Exercise requirements:
Leaving out all pictures, transcribe exactly the lines between the line with "Mixing Foundation With Moisturizer" and the last line of the records below, both included.

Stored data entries
▬▬▬

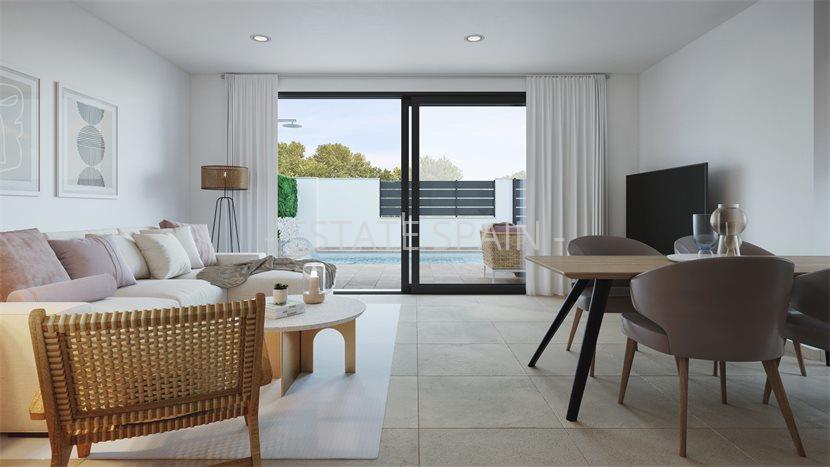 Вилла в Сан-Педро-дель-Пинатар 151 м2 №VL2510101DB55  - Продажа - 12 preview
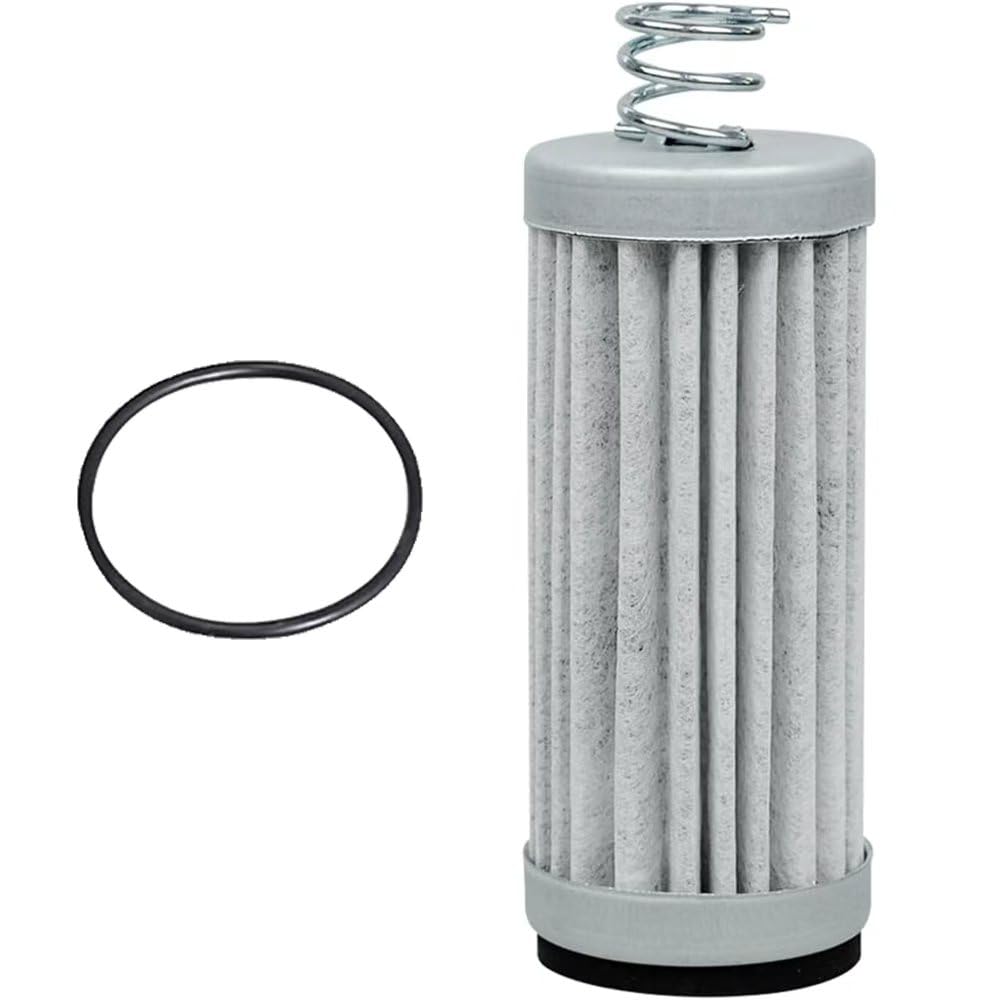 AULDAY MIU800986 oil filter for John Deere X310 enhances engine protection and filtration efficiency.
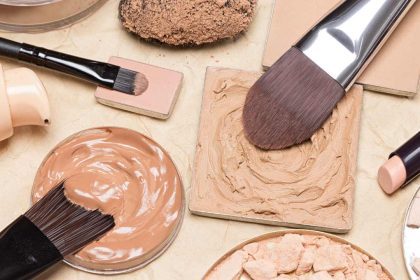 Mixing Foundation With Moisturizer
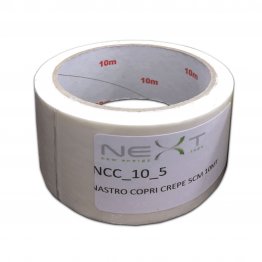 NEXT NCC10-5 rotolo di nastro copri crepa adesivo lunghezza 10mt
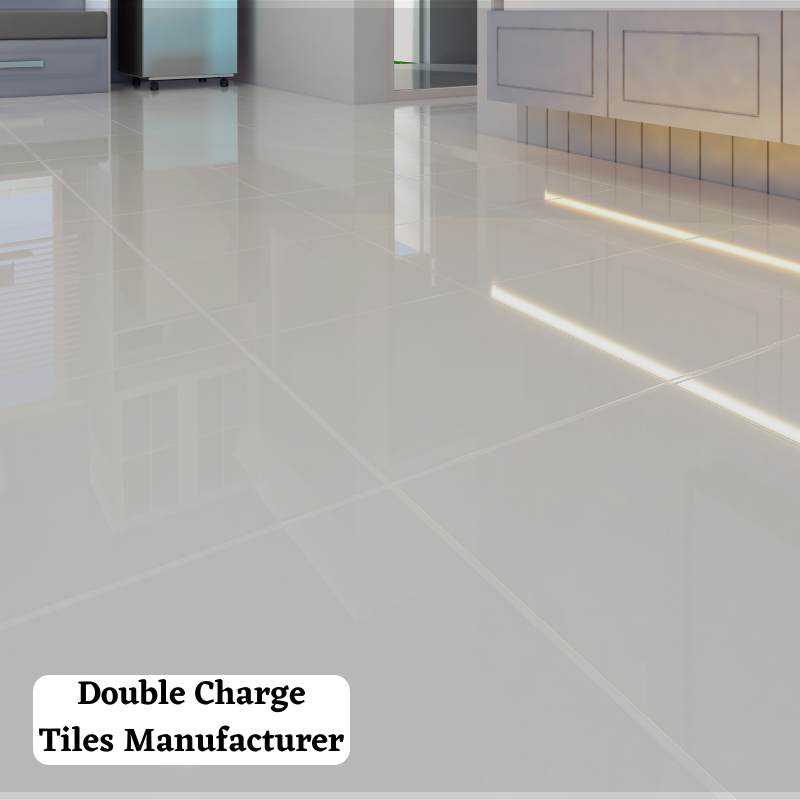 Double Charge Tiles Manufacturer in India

▬▬▬

Written response:
 Mixing Foundation With Moisturizer
 NEXT NCC10-5 rotolo di nastro copri crepa adesivo lunghezza 10mt
 Double Charge Tiles Manufacturer in India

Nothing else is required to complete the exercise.